For divers off Texas coast, curtain opens on cast of extraordinary coral-reef creatures

A blue and yellow fish the size of my index finger darts across the dimpled surface of a pale green coral sphere. A school of brown chromis, four inches long with fins that seem to have been dipped in yellow, circle us, and a French angelfish the diameter of a dinner plate cruises past. My scuba diving buddy Jacqueline Stanley points at what appears to be a black marble with yellow spots hovering above the coral. I look closer and discern a tiny snout and tail; the swimming marble is a juvenile smooth trunkfish, one of the smallest denizens of the coral reef, and not easy to find. We give each other an underwater high-five and fin away to gawk at dozens of other creatures that inhabit this thriving coral reef.

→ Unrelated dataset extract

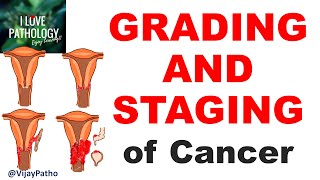 NEOPLASIA Part 11 GRADING and STAGING of cancer [upl. by Ferdinanda102]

While it might sound like we’re deep in the Caribbean, Stanley and I are actually 100 miles off the Texas coast. Here, a piece of beneath-the-surface tropical paradise called the Flower Garden Banks National Marine Sanctuary flourishes where salt domes on the floor of the Gulf of Mexico rise close enough to the surface to support coral reefs. These reefs probably originated more than 10,000 years ago when baby coral organisms, called polyps, floated on currents from reefs off Mexico’s Yucatán Peninsula, about 400 miles away.

The Texas Flower Gardens, as they were called, likely were discovered by fishermen in the late 1800s. As the story goes, they named the banks after the brightly colored sponges, plants and other marine life they sometimes snagged or could see on the colorful reefs below from their boats.

Later, divers found the reefs enthralling, and in 1979, the Houston Underwater Club submitted a formal nomination for the creation of a National Marine Sanctuary protected under federal law. That official designation finally came in 1992, with two sites—the East Flower Garden and West Flower Garden banks—forming Flower Garden Banks, the first such sanctuary in the Gulf of Mexico.

A third site, the Stetson Bank, was added in 1996. The three sections protect about 56 square miles of critical marine habitat, with roughly 1 percent of it shallow enough for coral—and recreational divers.

Blue, Clear Water

The only way to reach the Flower Gardens is by boat, and we came here aboard the Fling, a dive charter based in Freeport. We left the dock late in the evening, sleeping in berths below decks as we traveled to the sanctuary. The crew roused us at 7:30 the next morning for our first dive, at the West bank.

On the back deck, scuba tanks line the sides, wetsuits hang overhead and gear is stashed everywhere. I haven’t had my morning coffee, instead relying on excitement about the coming dive to get me going. One of the first things I notice is the water, a travel-brochure-worthy blue, and incredibly clear. I gear up, step off the side and descend. I look up and can see the shadow of the boat bobbing on the surface 70 feet above; and in the distance, the shadowy shapes of schools of large fish. Outstanding visibility, or “viz” in scuba parlance, is one of the Flower Garden’s signature traits.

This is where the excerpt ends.